Over the course of six weeks, service providers aided by local officials moved 211 homeless people who had camped along the Venice boardwalk for more than a year. Most of them now have interim housing, mainly in hotels and motels. A handful went to the transitional shelter in Venice. Did it cost a lot of money? Yes. Did it take a lot of effort? Yes. In fact, it took a village — of outreach workers and others — to move and temporarily house the scores of people who had made the beach their home.
What it did not take was a force of 750 Los Angeles police officers, as was the case during the tense showdown at Echo Park Lake in the spring, when a large encampment there was cleared out. To be sure, there were police at Venice Beach. But according to city officials and the service providers at the nonprofit St. Joseph Center, which carried out the plan to move the beach dwellers into temporary housing, the police supported their efforts rather than complicating them.

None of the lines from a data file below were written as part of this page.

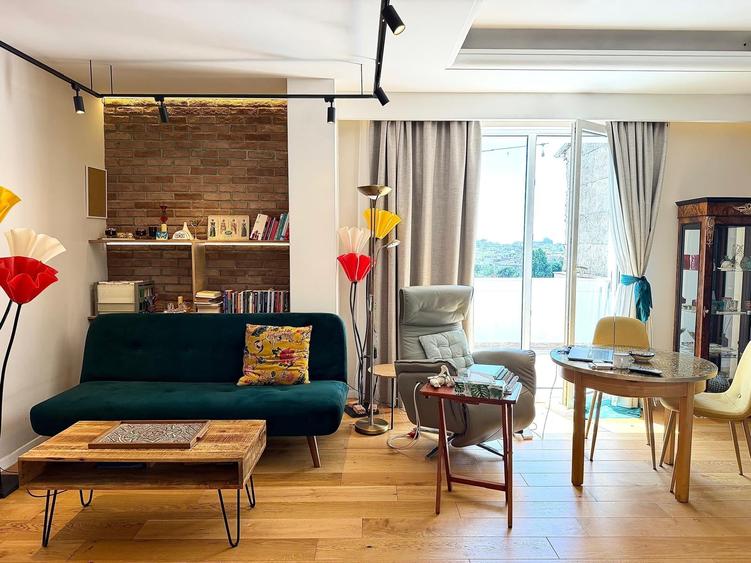 Apartament cu 3 camere semidecomandat în Universitate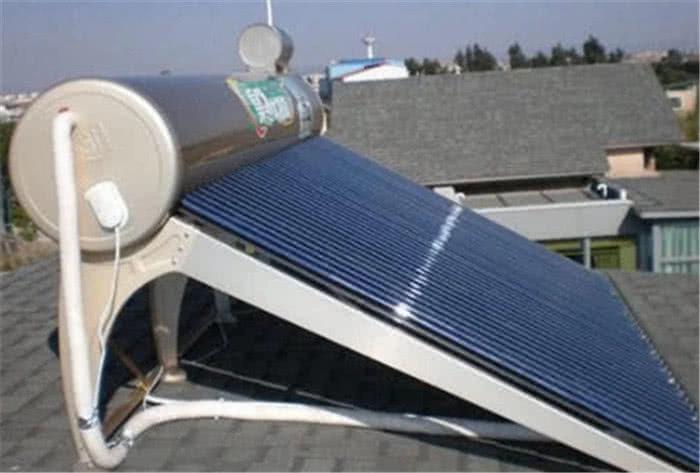 太阳能热水器中午能上冷水吗
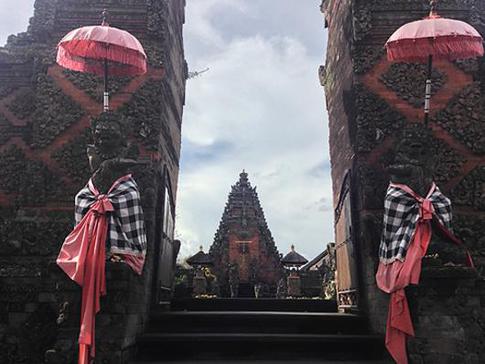 Записки тайской мамочки: «Местный шаман определяет, нет ли в округе злых духов»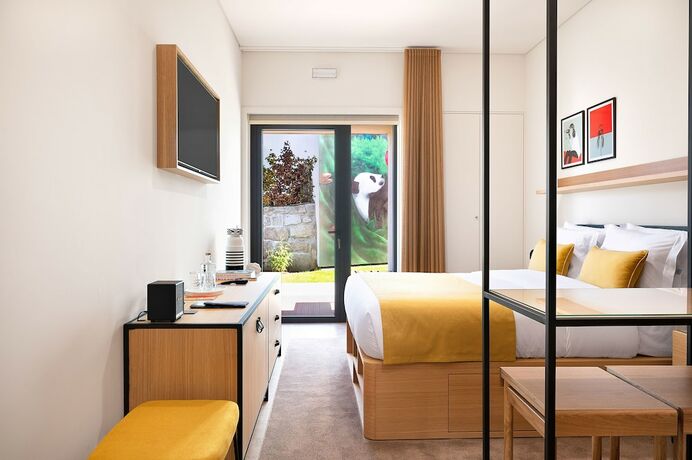 Imagen de la habitación del Hotel BFRESH - Pool - Fitness - Padel - By Oporto Collection - Private Parking. Foto 19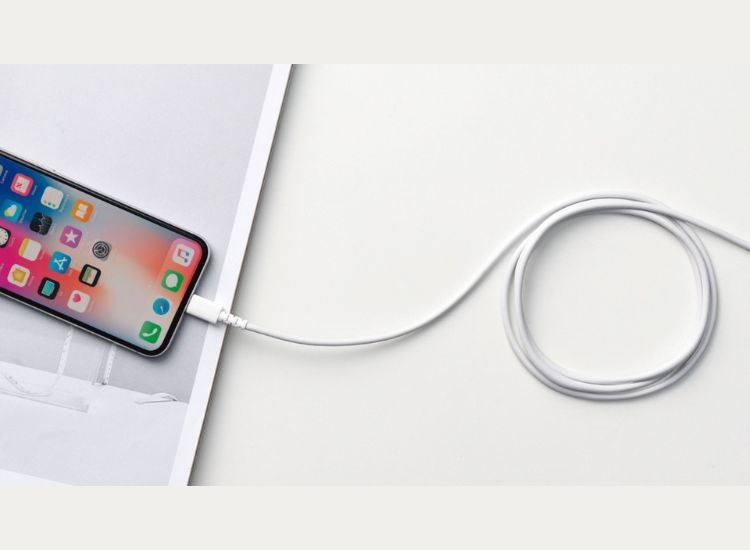 Sử dụng các bộ sạc iPhone thay thế để tiết kiệm chi phí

One big accomplishment: The effort gave lie to the trope that homeless people living on the street are “service resistant.” Even people who professed their love of the view of the ocean from their tents left for brick and mortar housing. The vast majority of people living by the boardwalk at the end of June agreed to take housing by the end of July. In the outreach effort, the St. Joseph Center team also connected with people who just showed up at the boardwalk wanting housing. The housing options set aside for the boardwalk encampment were finite, but the center and the Los Angeles Homeless Services Authority will work on finding more housing for people who came looking for it.